• **Exercise requirements**
Return exactly the lines from the start of the records below through the line containing "Red Kangaroo at", both ends included, and leave out the pictures.

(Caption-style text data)
==========

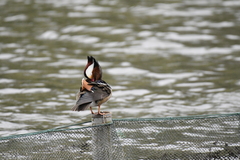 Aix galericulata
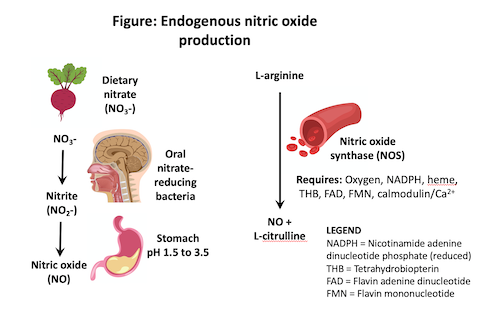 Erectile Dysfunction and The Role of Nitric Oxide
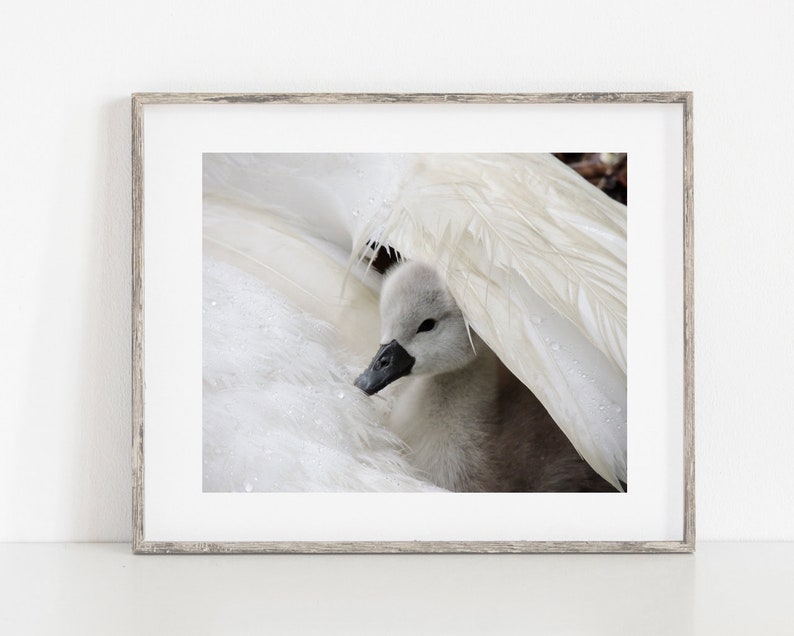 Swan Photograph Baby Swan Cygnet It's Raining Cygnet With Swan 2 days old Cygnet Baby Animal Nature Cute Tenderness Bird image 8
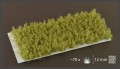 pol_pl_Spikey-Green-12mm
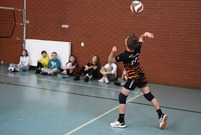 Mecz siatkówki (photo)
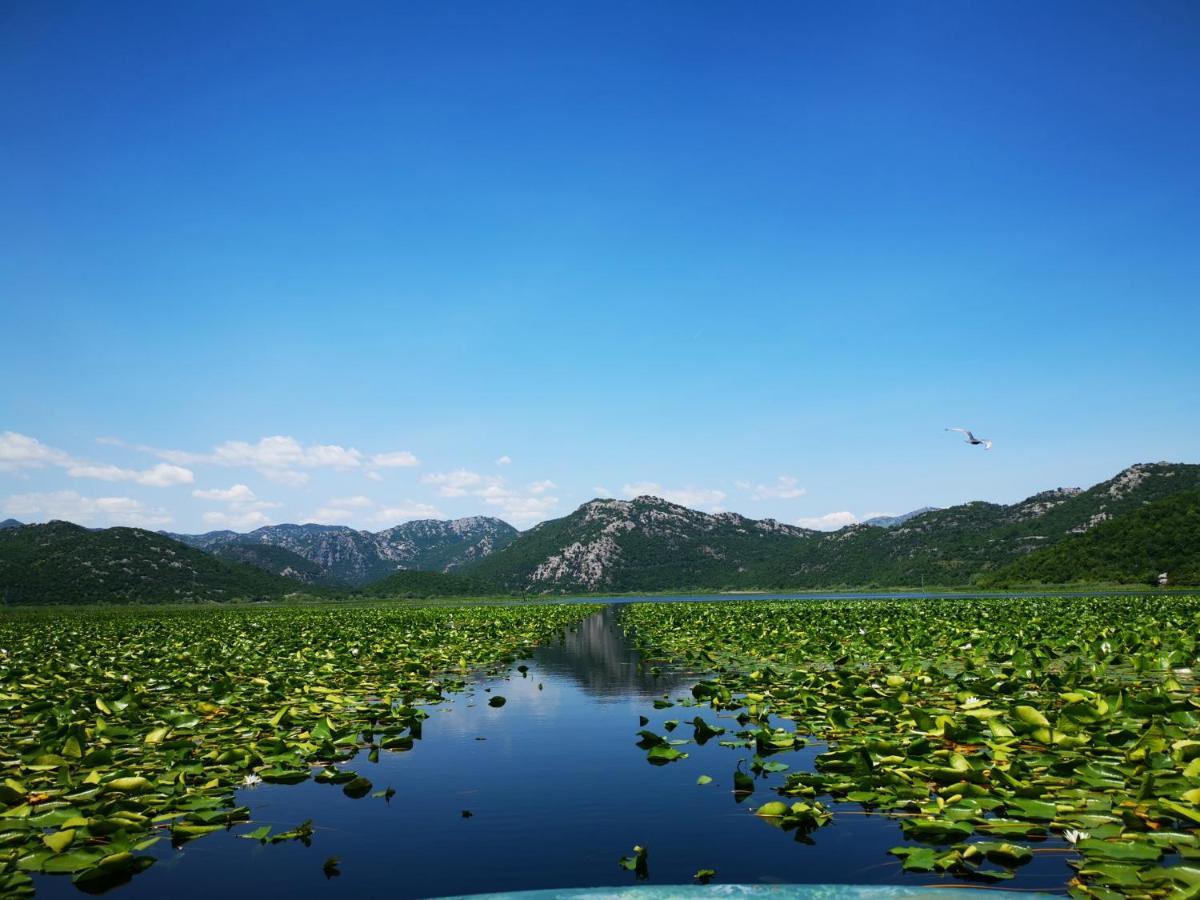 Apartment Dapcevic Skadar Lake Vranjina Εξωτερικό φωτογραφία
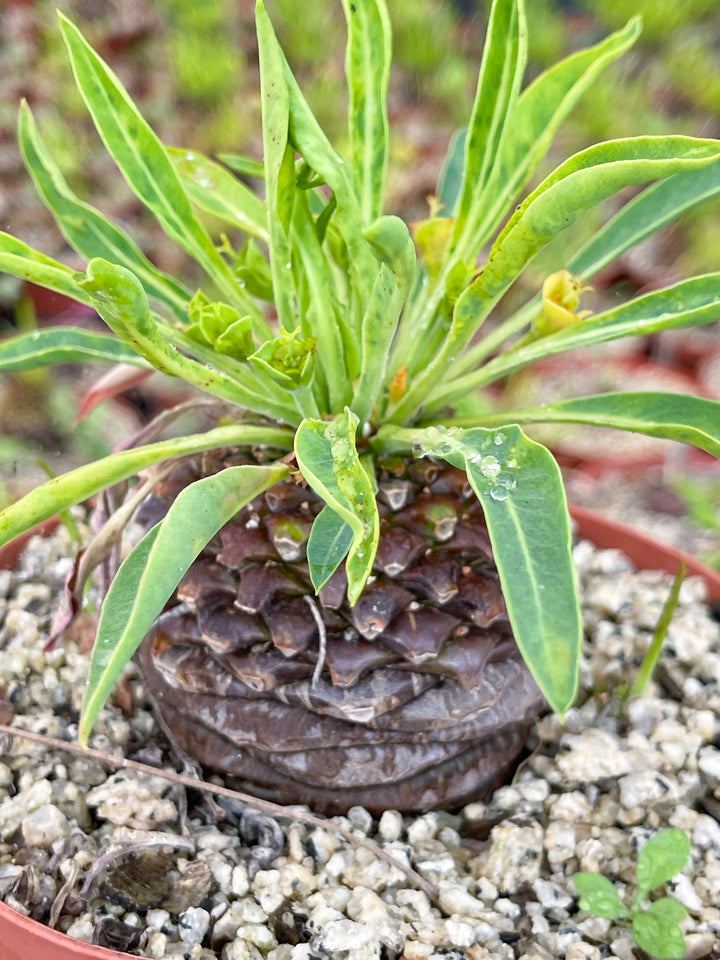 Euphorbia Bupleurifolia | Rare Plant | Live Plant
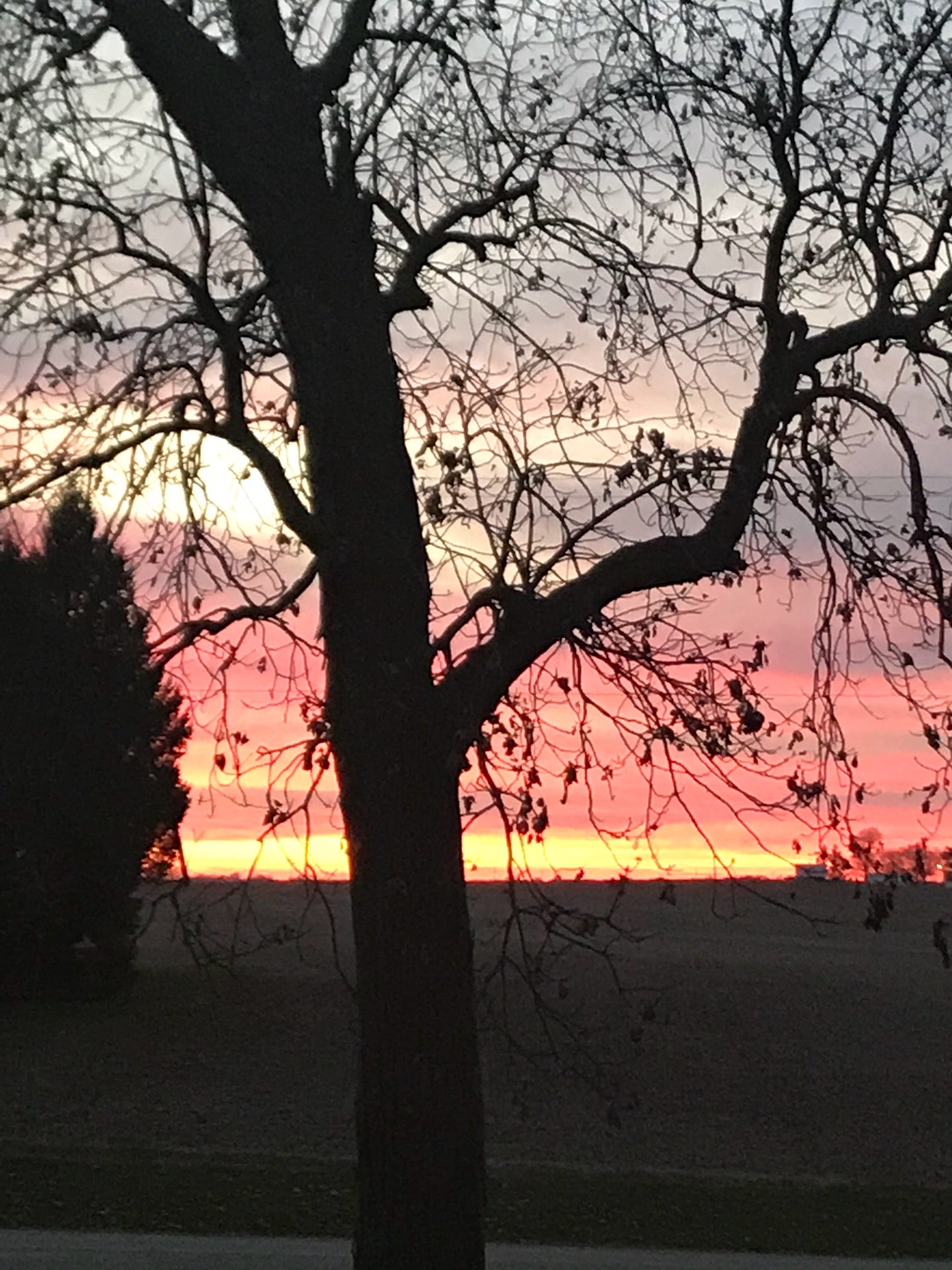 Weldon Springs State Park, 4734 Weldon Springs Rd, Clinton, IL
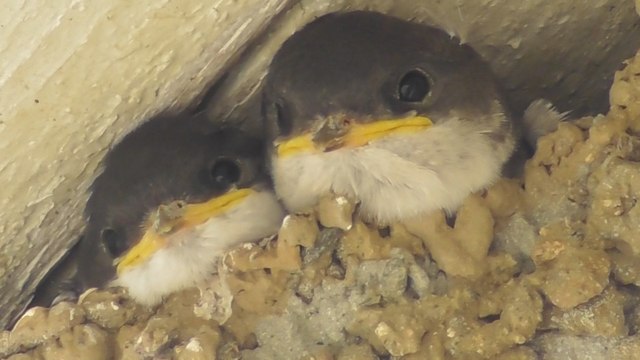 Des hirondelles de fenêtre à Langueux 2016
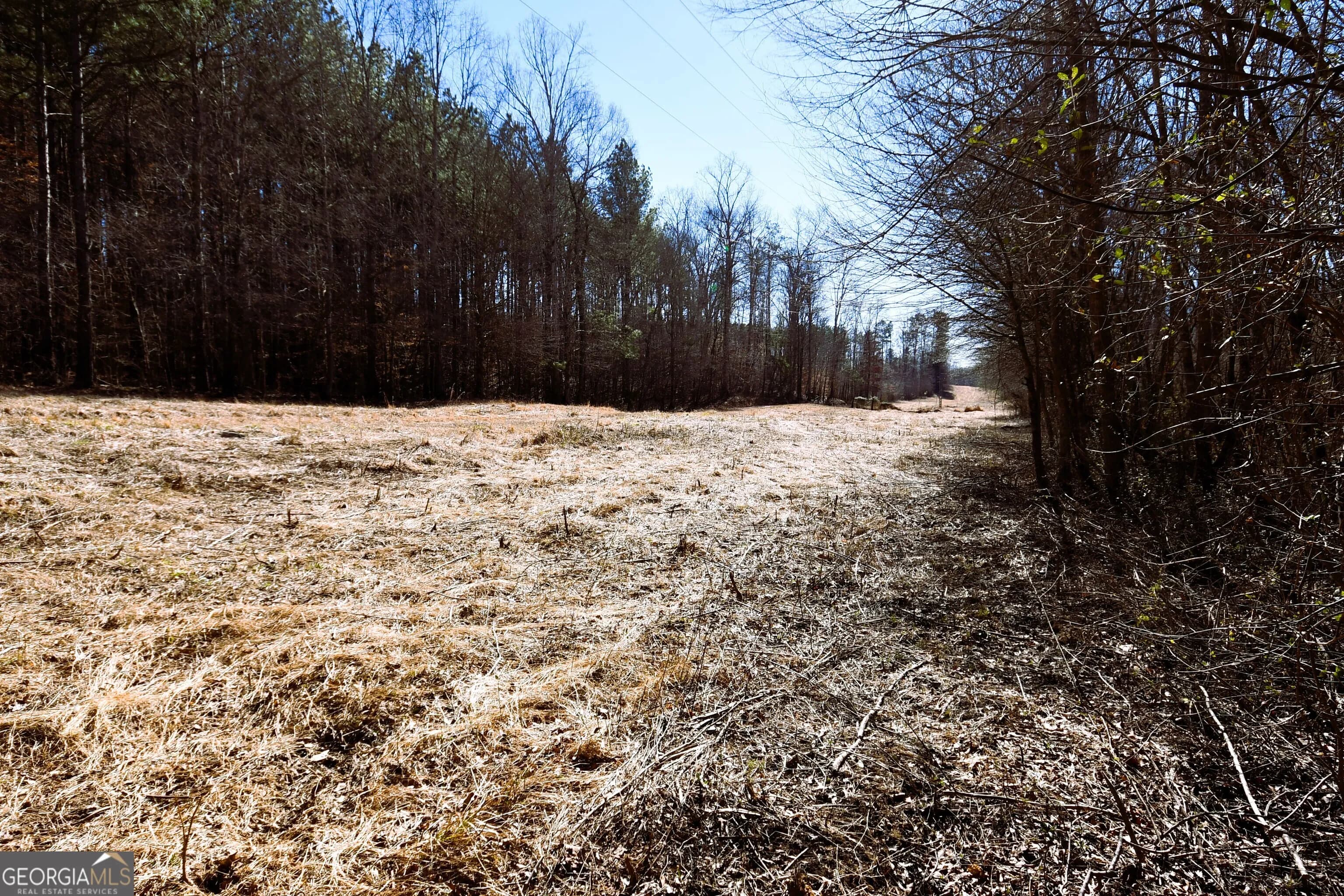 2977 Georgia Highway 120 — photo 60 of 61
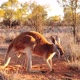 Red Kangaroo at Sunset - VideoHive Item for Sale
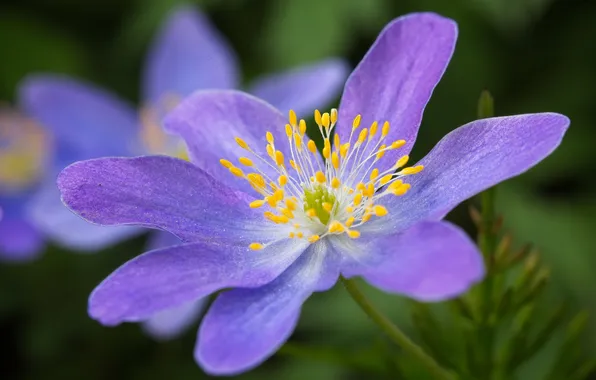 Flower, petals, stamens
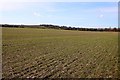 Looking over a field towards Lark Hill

==========

• **Worked solution**
 Aix galericulata
 Erectile Dysfunction and The Role of Nitric Oxide
 Swan Photograph Baby Swan Cygnet It's Raining Cygnet With Swan 2 days old Cygnet Baby Animal Nature Cute Tenderness Bird image 8
 pol_pl_Spikey-Green-12mm
 Mecz siatkówki (photo)
 Apartment Dapcevic Skadar Lake Vranjina Εξωτερικό φωτογραφία
 Euphorbia Bupleurifolia | Rare Plant | Live Plant
 Weldon Springs State Park, 4734 Weldon Springs Rd, Clinton, IL
 Des hirondelles de fenêtre à Langueux 2016
 2977 Georgia Highway 120 — photo 60 of 61
 Red Kangaroo at Sunset - VideoHive Item for Sale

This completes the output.